Janaloka, Jana-Loka: 14 definitions


Janaloka means something in Hinduism, Sanskrit, Marathi. If you want to know the exact meaning, history, etymology or English translation of this term then check out the descriptions on this page. Add your comment or reference to a book if you want to contribute to this summary article.

In Hinduism

Purana and Itihasa (epic history)

[«previous next»] — Janaloka in Purana glossary
Source: archive.org: Nilamata Purana: a cultural and literary study

Janaloka (जनलोक) refers to one of the seven heavens (upper regions) according to the Nīlamatapurāṇa. The Nīlamata mentions the threefold division of the universe indicated by the expressions like Tribhuvana, Trailokya etc. Evidently, the earth is the middle part, above and below which, are the heavens (e.g., Janaloka) and the nether worlds. But as a matter of fact, the division seems to be twofold only, for the earth itself is regarded as the lowest of the seven upper regions.

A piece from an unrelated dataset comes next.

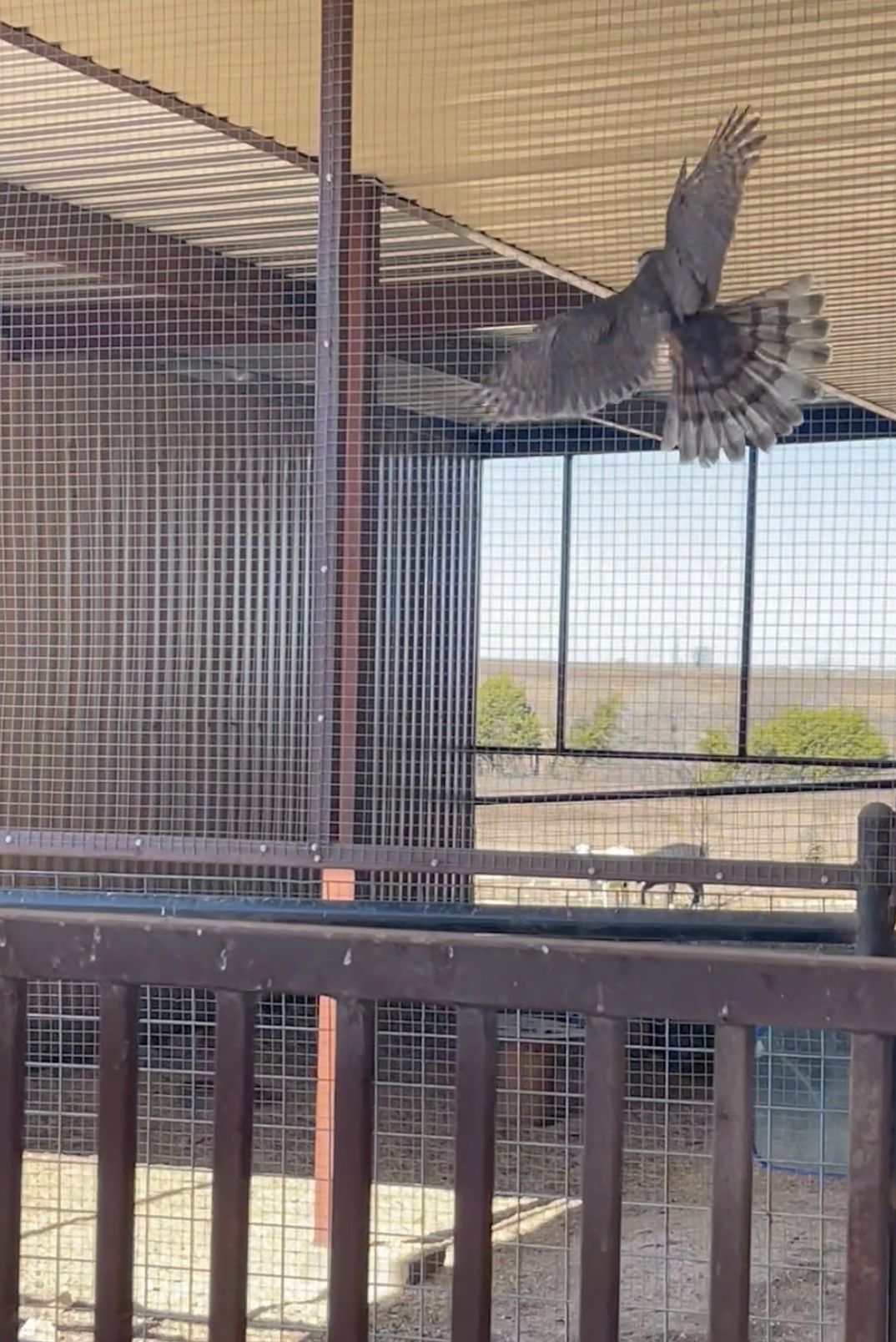 Cooper's Hawk Foiled by Aviary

Source: archive.org: Puranic Encyclopedia

Janaloka (जनलोक).—One of the fourteen worlds. This world is situated three crores of yojanas (leagues) away from Dhruvapada (the region of Dhruva—Pole star) according to Viṣṇu Purāṇa, Aṃśa II, Chapter 7).

Source: Cologne Digital Sanskrit Dictionaries: The Purana Index

Janaloka (जनलोक).—A divine world,1 the world of Varuṇā1 as the face of Virāṭ,2 and a part of Puruṣ.3 Its inhabitants.4 Here was in ancient times a discussion about brahmavāda, on the occasion of a sacrifice performed by Brahmā;5 at a distance of 2 crores of yojanas from Maharlokam;6 during Pralaya the Devas go from Maharloka to this.7 (See also Jana).

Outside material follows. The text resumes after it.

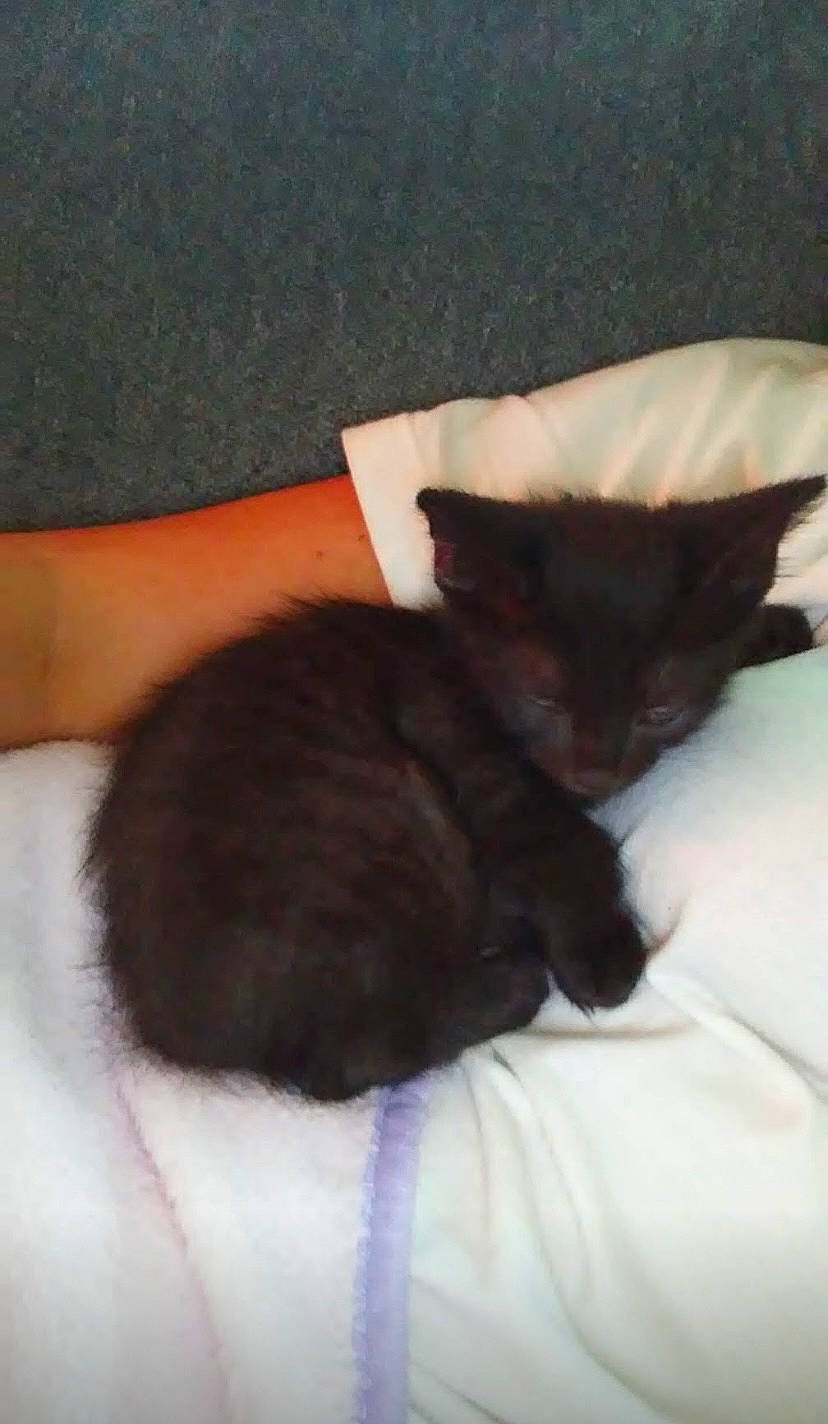 Shadow is registered to the contest to win money with this photo: bed, black_cat, canidae, carnivore, cat, claw, comfort, domestic_short_haired_cat, fawn, felidae, fur, gesture, human_leg, linens, mammal, paw, small_to_medium_sized_cats, tail, vertebrate, whiskers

  • 1) Bhāgavata-purāṇa VIII. 20. 34.
  • 2) Bhāgavata-purāṇa II. 1. 28.
  • 3) Ib. 5. 39.
  • 4) Ib. III. 11. 29.
  • 5) X. 87. 8-9.
  • 6) Brahmāṇḍa-purāṇa IV. I. 123; 2. 13-15, 139. Viṣṇu-purāṇa II. 7. 13-14.
  • 7) Brahmāṇḍa-purāṇa I. 6. 28. Viṣṇu-purāṇa VI. 3. 29.
Purana book cover
context information

The Purana (पुराण, purāṇas) refers to Sanskrit literature preserving ancient India’s vast cultural history, including historical legends, religious ceremonies, various arts and sciences. The eighteen mahapuranas total over 400,000 shlokas (metrical couplets) and date to at least several centuries BCE.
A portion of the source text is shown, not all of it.